# [Unofficial] Phil-Mont Open Fall 2014



## Methuselah96 (Nov 11, 2014)

There will be an unofficial competition held on Saturday, November 29, 2014 at Phil-Mont Christian Academy (35 Hillcrest Avenue, Erdenheim, PA 19038). There will be a $5 flat fee to compete in any event. Lunch may or may not be provided depending on how many people register.
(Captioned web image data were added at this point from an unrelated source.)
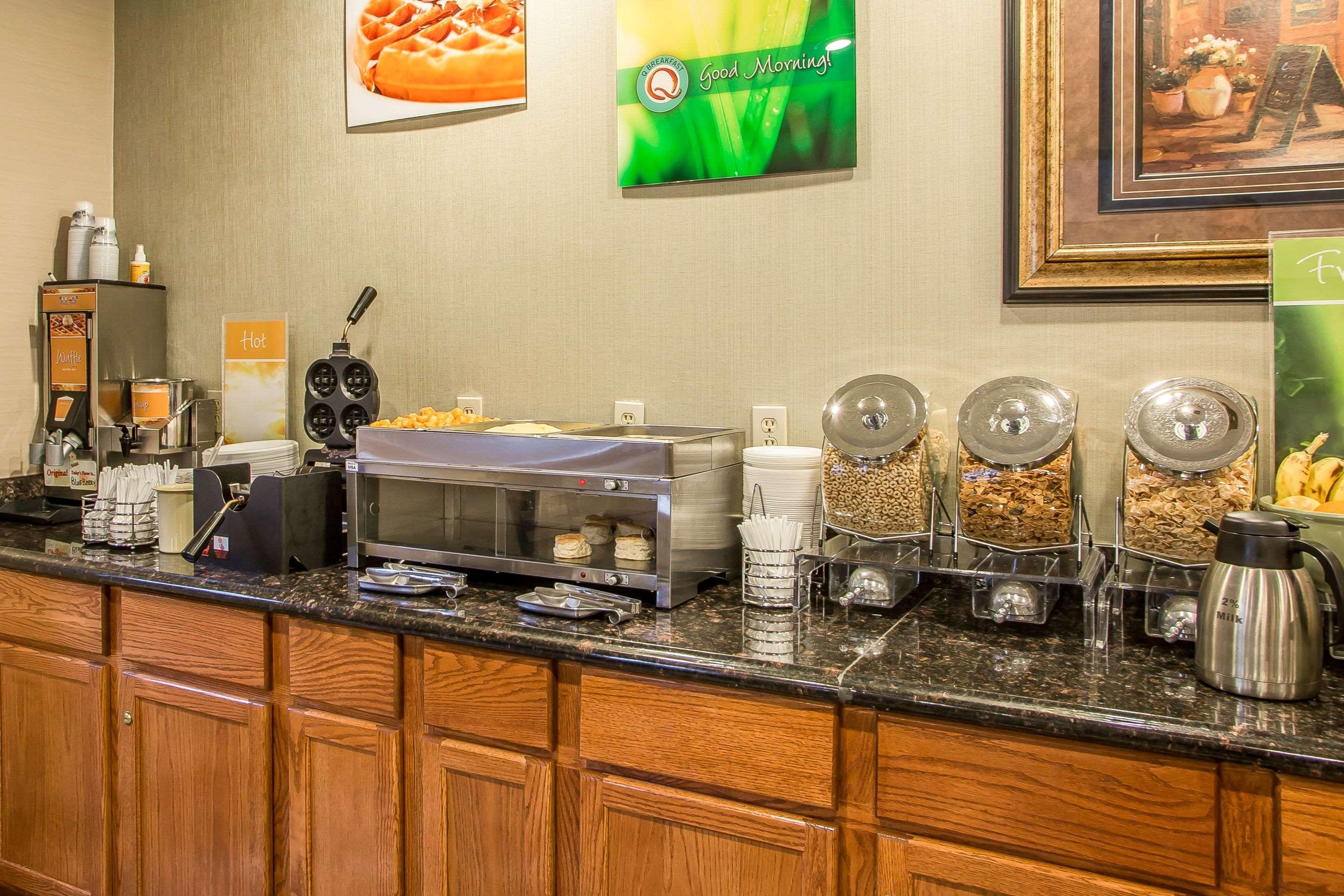 Quality Inn & Suites Marinette Kültér fotó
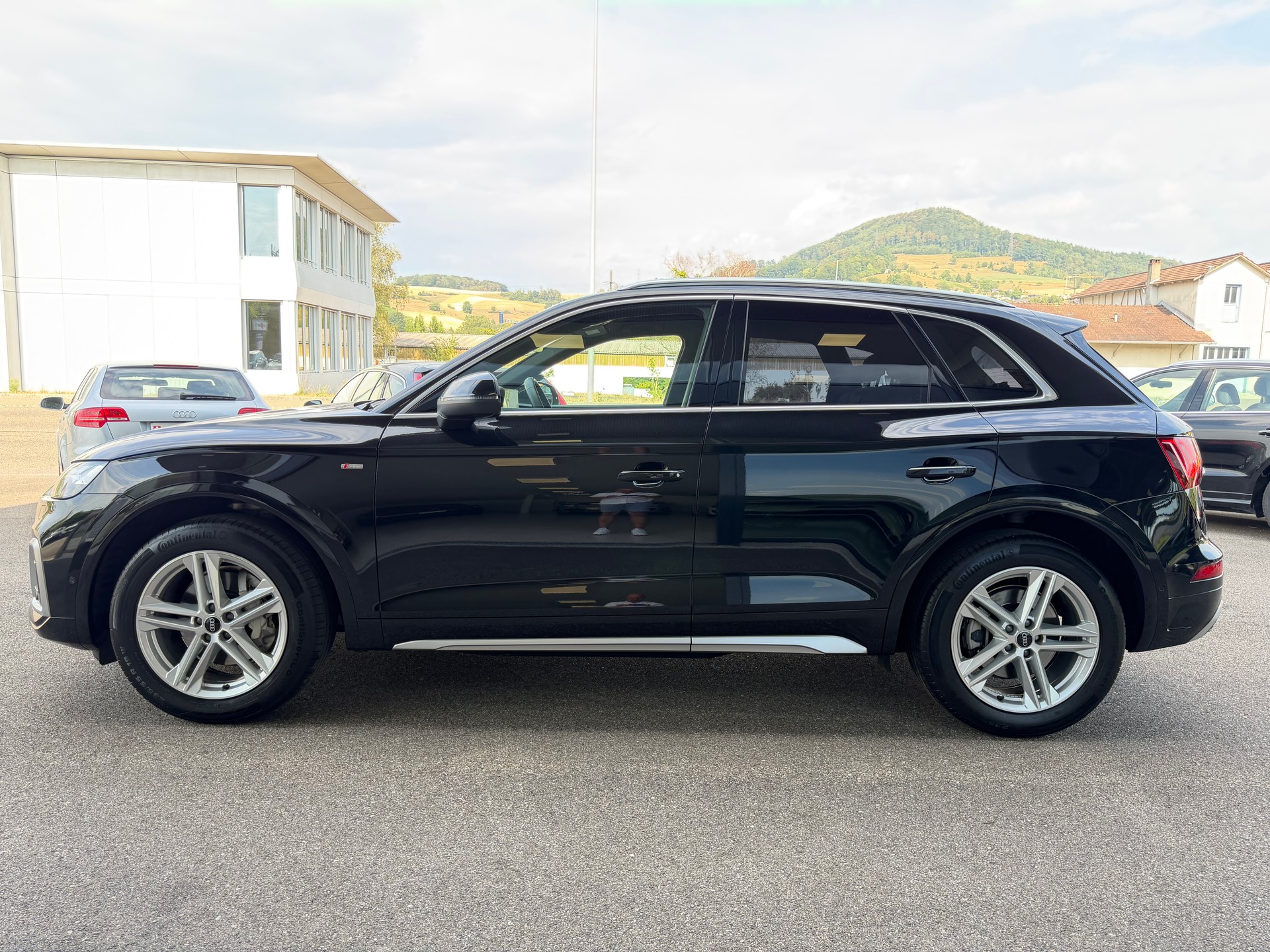 AUDI Q5 2.0 45 TFSI S Line quattro S-Tronic-image-10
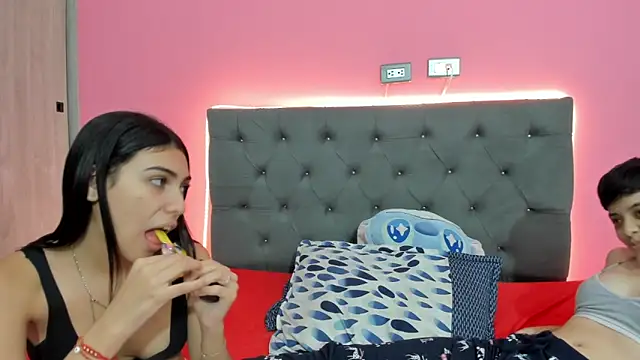 ariloe_quintero's Live XXX Chat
Events will include but will not be limited to:
2x2-5x5
3x3 one-handed
Pyraminx

The plan for this competition is to run everything through computers (the stackmats will be connected to individual computers at each judging station and will upload from there to the results server). This is a big step towards the way competitions will be run in the future, so come be a part of it. Some sort of registration will be available soon and if you are coming and would like specific events that are not mentioned above please reply below. A schedule will be posted the Tuesday before the competition.


----------



## Deleted member 19792 (Nov 11, 2014)

How is this exactly going to work? Are you going to have competitors stay at one table with their names entered into the system? Or random placement?


----------



## Methuselah96 (Nov 11, 2014)

It will be random placement.


----------



## JasonDL13 (Nov 11, 2014)

Good luck with the competetion


----------



## Kit Clement (Nov 11, 2014)

Cool! I'm excited to see how a system like this would work. Is thus built off Jeremy's creation at all, or something different?


----------



## Methuselah96 (Nov 11, 2014)

This is something different. It is with computers and not phones.


----------



## Ninja Storm (Nov 11, 2014)

Tempted to go and see what you're talking about with the new timing system.

If only it wasn't during the school year.


----------